VishnuSas21/fraud-detection-system
GitHub: VishnuSas21/fraud-detection-system
Stars: 0 | Forks: 0
# Fraud Detection System — SQL Rule Engine + XGBoost ML Model
A production-inspired fraud detection system built on 50,000 synthetic transactions.
Combines a **SQL-based rule engine** with an **XGBoost machine learning model** to demonstrate
how real fraud teams use rules and ML together — not as alternatives, but as layers.
## Project Structure
fraud-detection-system/
├── sql/
│ ├── 01_exploratory_analysis.sql
│ ├── 02_velocity_bin_geo.sql
│ ├── 03_ato_merchant_structuring.sql
│ └── 04_hybrid_decision_engine.sql
├── python/
│ └── fraud_detection_xgboost.ipynb
├── data/
│ └── fraud_db_setup.sql
├── docs/
│ └── project_findings.md
└── README.md
## Business Problem
Financial platforms lose billions annually to fraud.

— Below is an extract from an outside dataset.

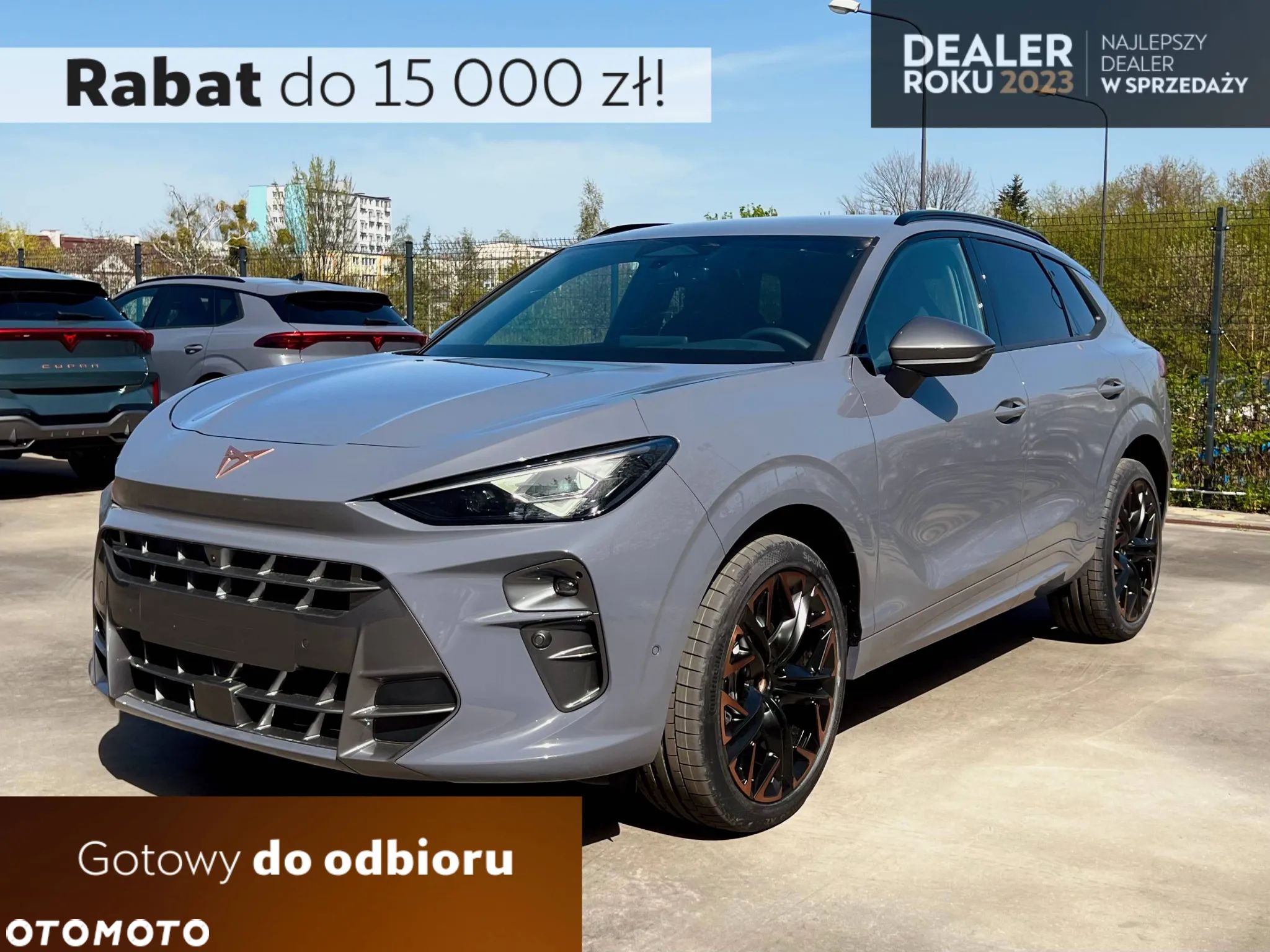 Cupra Terramar 2.0 TSI 4Drive DSG - 1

Two failure modes exist:
- **Miss fraud** → direct financial loss, chargebacks, regulatory penalties
- **Block legitimate customers** → lost revenue, customer churn, support overhead
This project builds a system that minimises both — catching fraud with high precision
while keeping false positive rates at an acceptable level for operations teams.
## Dataset
- **50,000 transactions** across 5,000 customers and 200 merchants
- **782 fraud cases** — 1.56% fraud rate (realistic for card fraud)

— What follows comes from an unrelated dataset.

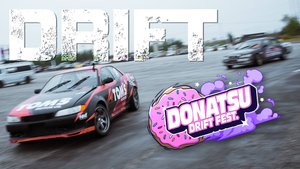 DONATSU DRIFT 2 ЭТАП 19.08.2023 [ УС-ХАТЫН - ЯКУТСК ] [ Yamatech ]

- **Fraud patterns included:** ATO, BIN attacks, geo-velocity, structuring, CNP fraud
- **Features:** amount, transaction type, merchant category, KYC status, failed logins,
account age, device ID, geo-location, risk segment
Generated using `data/fraud_db_setup.sql` — fully reproducible in MySQL.

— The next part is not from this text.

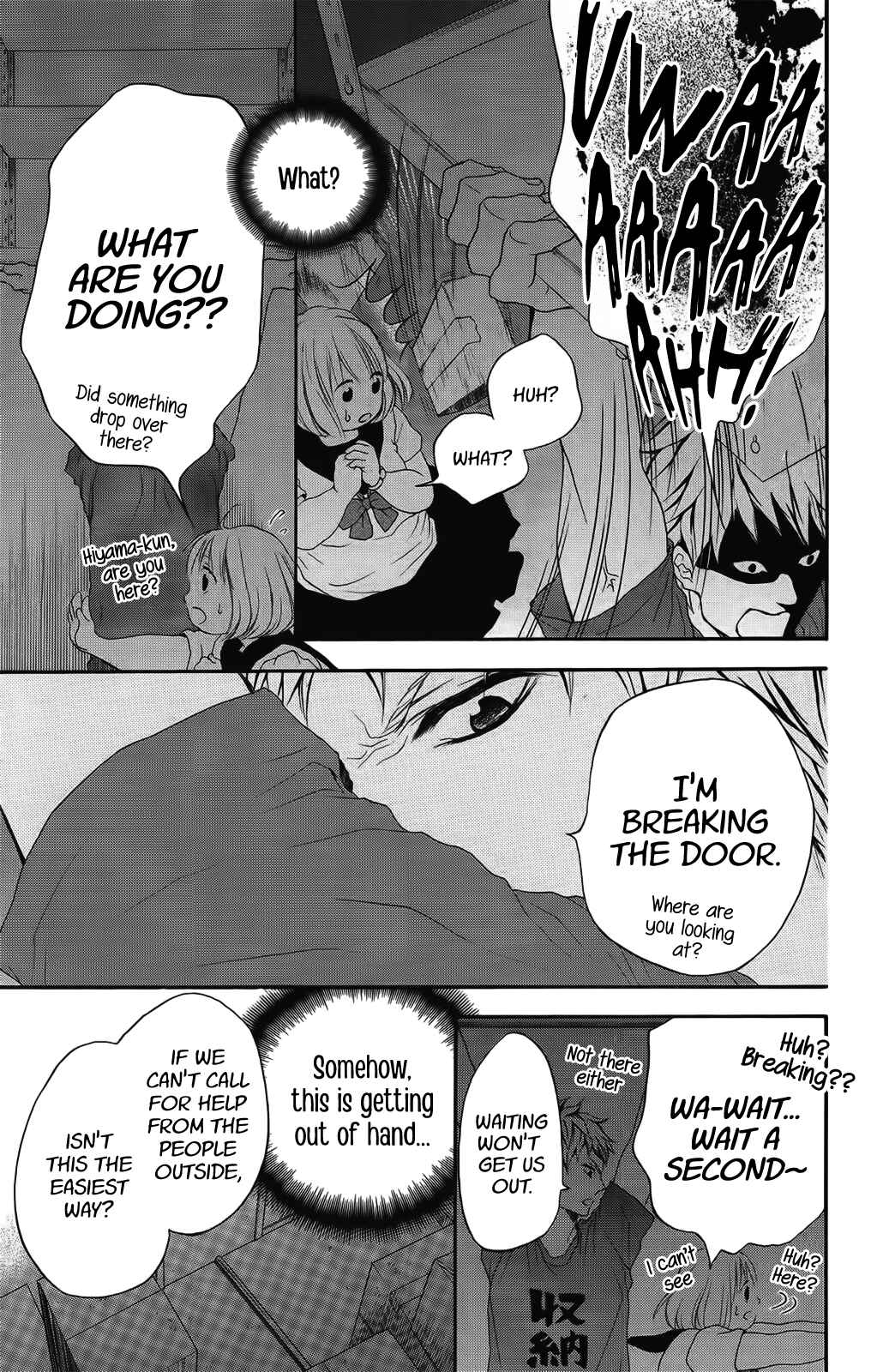 Page 10 Chapter 30 Pochamani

## Part 1 — SQL Rule Engine
Four modules built progressively, each targeting specific fraud patterns.
### Modules
| File | Fraud Patterns Covered | Key SQL Techniques |
|---|---|---|
| 01_exploratory_analysis | Baseline fraud rate by segment, KYC, account age | GROUP BY, conditional aggregation, CASE WHEN |
| 02_velocity_bin_geo | Daily velocity, rolling 1-hour velocity, BIN attacks, geo-velocity | Self JOIN, INTERVAL window, CTE, LAG(), TIMESTAMPDIFF |
| 03_ato_merchant_structuring | Account takeover, merchant chargeback risk, AML structuring | Multi-signal AND logic, JOIN, near-threshold detection |
| 04_hybrid_decision_engine | Risk scoring engine + final decision engine | Weighted CASE WHEN, hard rules, 4-CTE chain |
### Risk Scoring Engine
Each transaction receives a weighted risk score based on 10 fraud signals.
Weights initially set by domain knowledge, then validated by XGBoost feature importance.
| Signal | Weight | Basis |
|---|---|---|
| Failed logins > 2 | 35 | Strongest ATO predictor — 60.5% XGBoost importance |
| Amount > $800 | 10 | High value = high loss exposure |
| KYC not verified | 9 | Unverified identity = elevated risk |
| High risk segment | 9 | Was underweighted in v1 — ML corrected this |
| Crypto/Gaming merchant | 8 | 2.67% fraud rate vs 1.38% ecommerce |
| Foreign transaction | 6 | Was overweighted in v1 — ML corrected this |
| Amount > 3x user average | 5 | Behavioural spike signal |
| Account age < 30 days | 5 | New account risk |
| Off-hours (2am–5am) | 5 | Behavioural anomaly |
| CNP transaction | 5 | Context signal — weak alone |
### Hybrid Decision Engine
Hard rules for high-confidence single signals.
Soft scoring for combinations of weaker signals.
Strong single signal → HARD BLOCK (no score needed)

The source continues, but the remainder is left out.